[[ Data segment open ]]

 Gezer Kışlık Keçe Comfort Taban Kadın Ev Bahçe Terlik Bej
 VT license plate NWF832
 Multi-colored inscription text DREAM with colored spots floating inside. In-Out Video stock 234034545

[[ Data segment closed ]]

◆ **Exercise goal**: Could you write out only the lines of the listing above from the one that contains "VT license plate NWF832" through its final line, exactly and inclusive?

◆ **Output**:
 VT license plate NWF832
 Multi-colored inscription text DREAM with colored spots floating inside. In-Out Video stock 234034545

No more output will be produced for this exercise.